Le cronache che arrivano da Mosul, la grande città irachena nella Piana di Ninive occupata dai guerrieri del Califfato nell’estate del 2014, si arricchiscono di giorno in giorno di pagine sempre più drammatiche. La più recente è quella scritta dai racconti dei soldati iracheni che avanzano verso la città e che sempre più spesso si trovano ad affrontare bambini soldato intorno ai dieci anni di età, o piccoli kamikaze che si precipitano verso le truppe nemiche indossando cinture cariche di esplosivo. I soldati sparano, uccidono questi bambini. Poi si angosciano per averlo fatto.

E non basta. Le cronache di questa campagna di liberazione diventata, inevitabilmente, molto feroce (le incursioni aeree sono state sospese per le conseguenze che avevano sui civili), raccontano di bambini mandati in trincea dai miliziani dello Stato islamico, mentre Internet abbonda di filmati in cui i bambini vengono trasformati in boia, armati di pistola o coltello perché uccidano come automi i combattenti curdi o i soldati iracheni caduti prigionieri. Tanti altri (pochi giorni fa ne sono stati rapiti 200) sono stati usati come scudi umani o addirittura torturati. Tutto questo in una città, Mosul appunto, in cui vivono circa 350 mila minori. Un orrore senza confini.
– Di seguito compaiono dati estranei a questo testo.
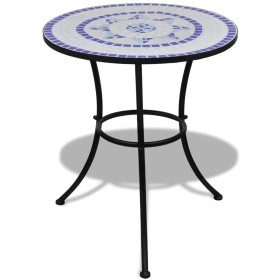 Blau-weißer Mosaik-Terrassen-Bistrotisch 60 cm von vidaXL, Gartentische - Ref: Foro24-41530, Preis: 84,42 €, Rabatt: %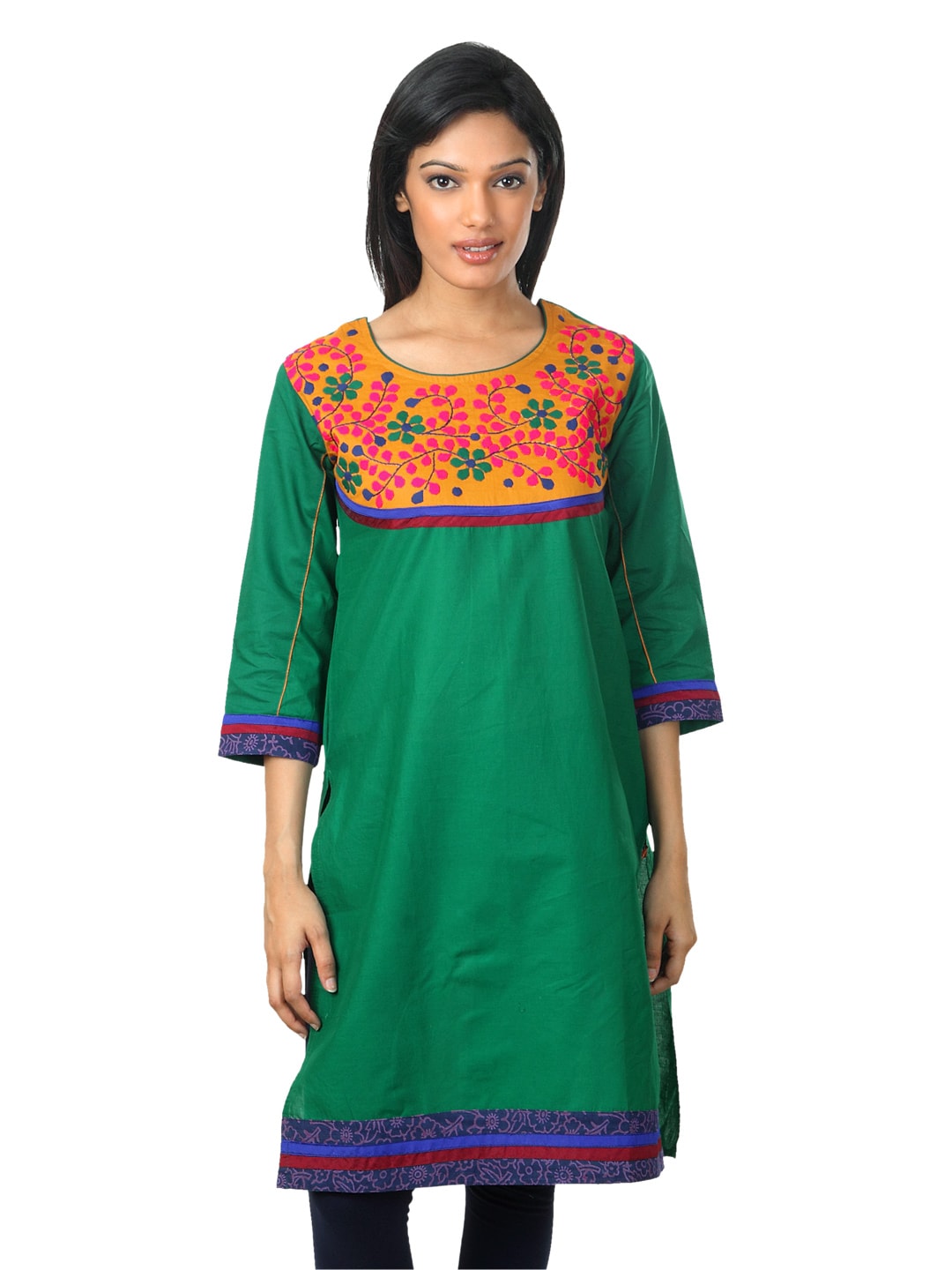 Span Women Green Kurta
I sei anni della guerra in Siria, ovviamente, non hanno risparmiato i bambini ad alcuna latitudine. Molte migliaia di giovanissime vite sono cadute sotto le bombe di ogni parte; 2,3 milioni di bambini vivono come rifugiati fuori dalla Siria, in campi profughi o peggio, e più di 3 milioni di bambini siriani vivono da profighi all’interno del loro Paese, gli uni e gli altri costretti a fuggire e perdere tutto per salvarsi dalle avanzate di tutti contendenti. Una recente ricerca dell’ong Save the Children ha prodotto questi risultati: dopo sei anni di guerra, l’81 per cento dei genitori dice di aver notato comportamenti aggressivi, nel gioco e nella vita quotidiana, da parte dei propri figli; il 71 per cento dei genitori nota che i figli bagnano il letto come non facevano prima; il 48 per cento dice di aver incontrato bambini che hanno perso la capacità di esprimersi correttamente o addirittura di parlare.
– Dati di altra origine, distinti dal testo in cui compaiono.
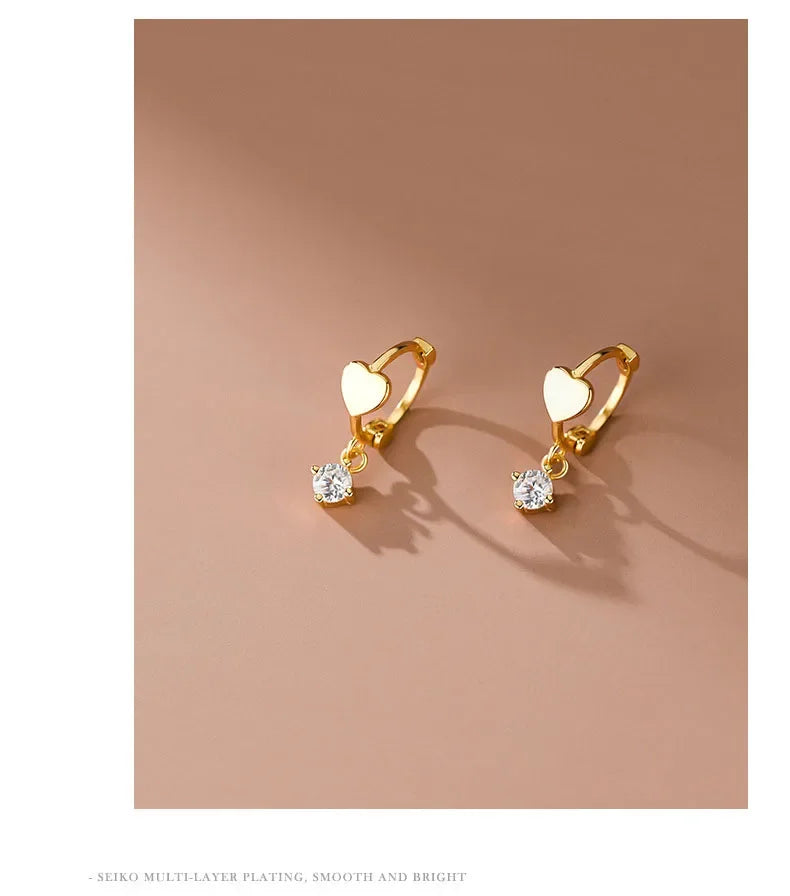 INZATT Echt 925 Sterling Silber Zirkon Anhänger Herz 18 Karat Gold Huggies Creolen Für Frauen Klassische Edlen Schmuck Zubehör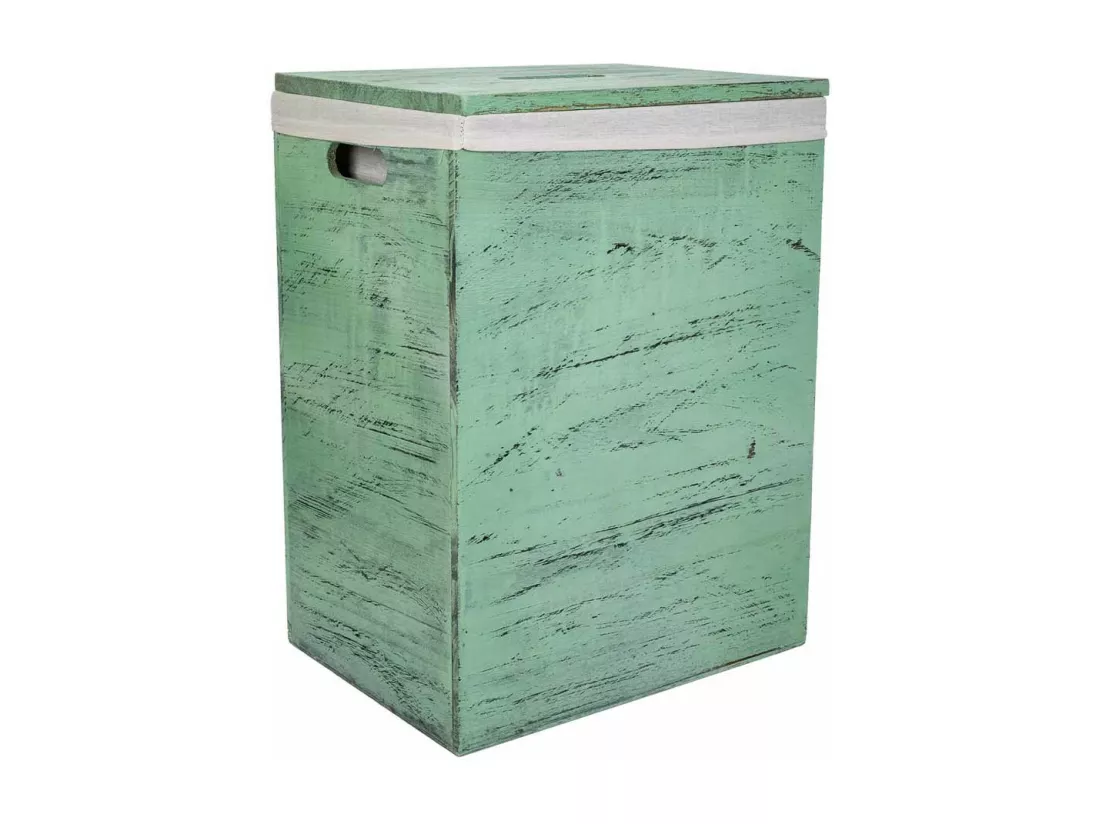 Ensemble de 2 paniers à linge en bois verts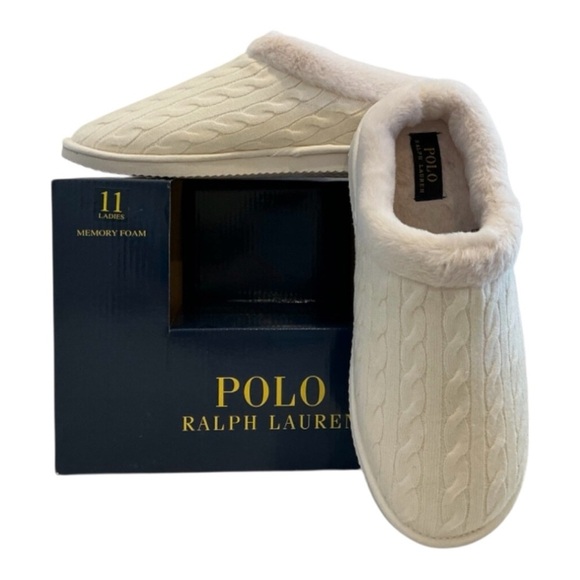 Polo Ralph Lauren Shoes - Polo Ralph Lauren Women’s White Fur Lined Slippers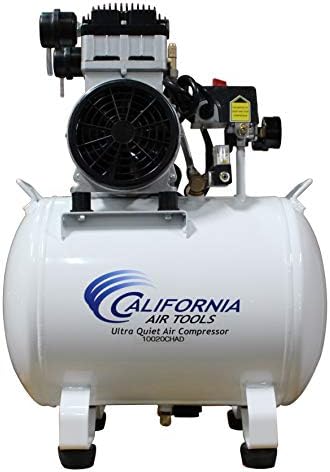 כלים אוויריים בקליפורניה 10020 צ'אד אולטרה שקט ונטול שמן 2.0 כס, 10.0 גל. מדחס אוויר של מיכל פלדה עם שסתום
È la generazione perduta della Siria. Ma i bambini finiti sotto il giogo dell’Isis colpiscono ancor più perché il Califfato ha fatto di tutto per cambiare la loro personalità. Ha fatto loro il lavaggio del cervello per imporre una forma di Islam più che retriva, per trasformarli in piccole macchine della morte, subita o imposta. Per seminare nei loro cuori i germi di una sete di distruzione che avrebbero dovuto maturare in futuro. Non è stata una cosa improvvisata. Al contrario, è un progetto concepito in modo molto razionale e in modo altrettanto razionale e spietato portato a compimento. Bisognerà ricordarsene se, dopo aver fatto i conti con il Califfato, arriveremo finalmente a fare i conti anche con i suoi finanziatori e mandanti.